L’impegno, il “fare” che ci vedrà impegnati, con Marco, ora che Marco non c’è.
Il 19 maggio scorso Marco Pannella ci ha lasciato.
Sembra ieri, sembra ora… Che dirvi, compagni e amici, che non sia quello che un po’ tutti ci siamo già detti, ci diciamo, continuiamo e continueremo a dirci… molti di noi hanno perso un amico, un compagno, un padre politico, una persona fidata a cui sapevi di poter chiedere consiglio, conforto, aiuto, e anche coraggio nei momenti difficili.
Sapevamo tutti che stava male, molto male; da tempo i segni erano visibili, e tuttavia fino alle ultime ore Marco è riuscito, ha saputo indicare un percorso, a ricordare un metodo, individuare una strategia, a metterci in guardia da tattiche fini a se stesse e perciò inutili o dannose; fino a che non è arrivata la fine. riusciva ancora a farlo, ma a prezzo di enormi fatiche, logoramenti. E alla fine… Alla fine è arrivata la fine. Ci parlava spesso della capitiniana compresenza tra i vivi e coloro che non ci sono più… come sia, e ce ne rendiamo conto giorno dopo giorno, è una perdita irreparabile, una parte della nostra vita che se ne è andata con lui.

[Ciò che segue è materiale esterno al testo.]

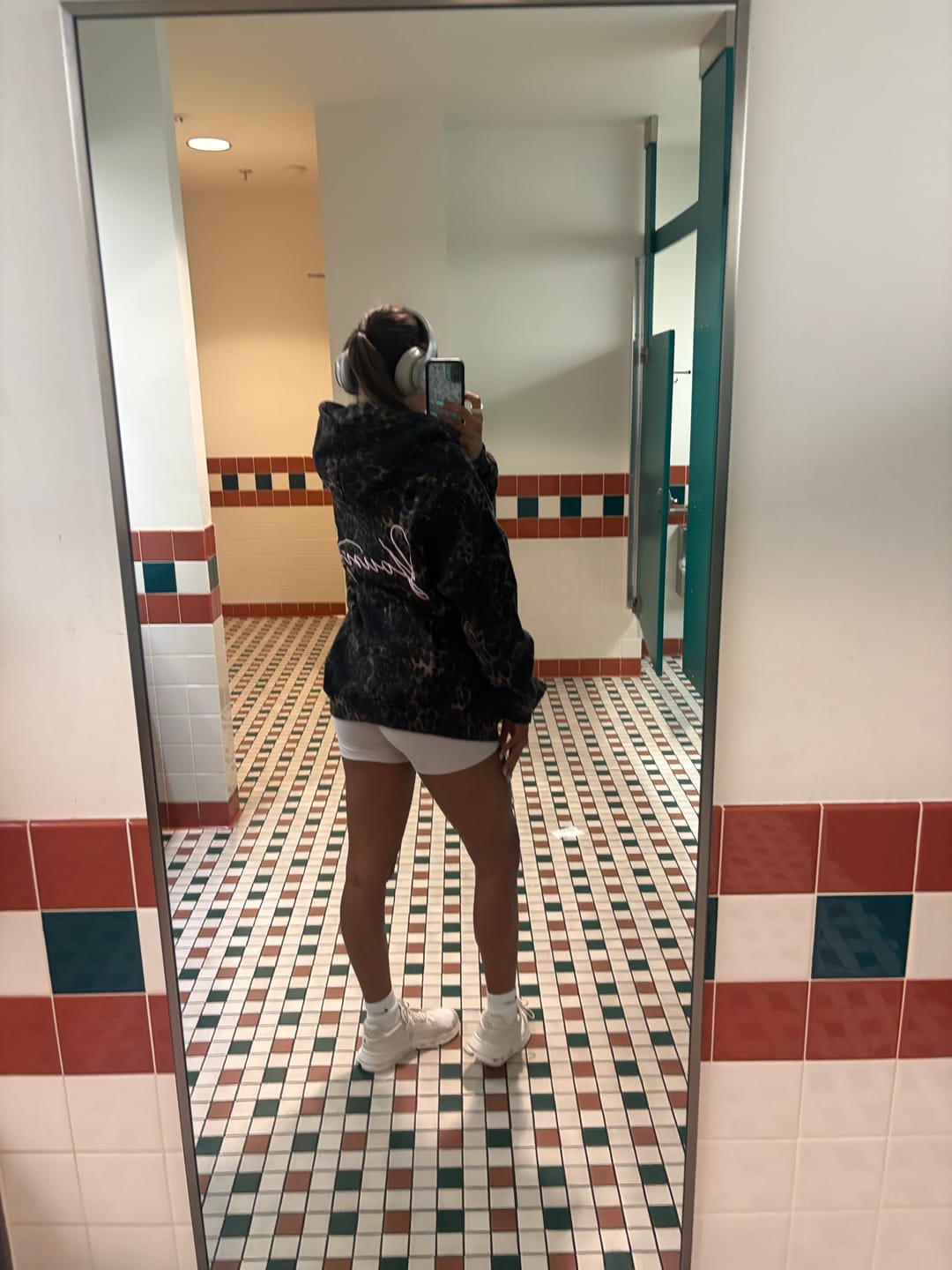 Customer photo review of W533 Flashback Zip Hoodie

Diceva: vedrete: da vivo mi trattano come se fossi morto; quando sarò morto mi tratteranno come se fossi vivo. Forse si è sbagliato. Sì, i primi giorni è stato un accorrere da parte di tutti a riconoscerne meriti, capacità, intuizioni, conquiste importanti conseguite e di cui tutti beneficiano… È durato appunto qualche giorno, con un obiettivo preciso: quello di fare di Marco l’ennesimo busto al Pincio: glorificare e dimenticare.
Cercheremo di opporre una doverosa resistenza a questo processo. Marco è la persona che affascina Ignazio Silone e Pier Paolo Pasolini; che stana dal suo riserbo Leonardo Sciascia, e che lo definisce “l’unico politico che ha il senso della legge, del diritto, della giustizia”. Elio Vittorini gli dice che lui e i radicali sono i soli copernicani che conosce. Marco è la persona che salva Enzo Tortora dal castello di infamie che i camorristi gli hanno cucito addosso; e fa “volare” Domenico Modugno, colpito da un male che lo paralizza.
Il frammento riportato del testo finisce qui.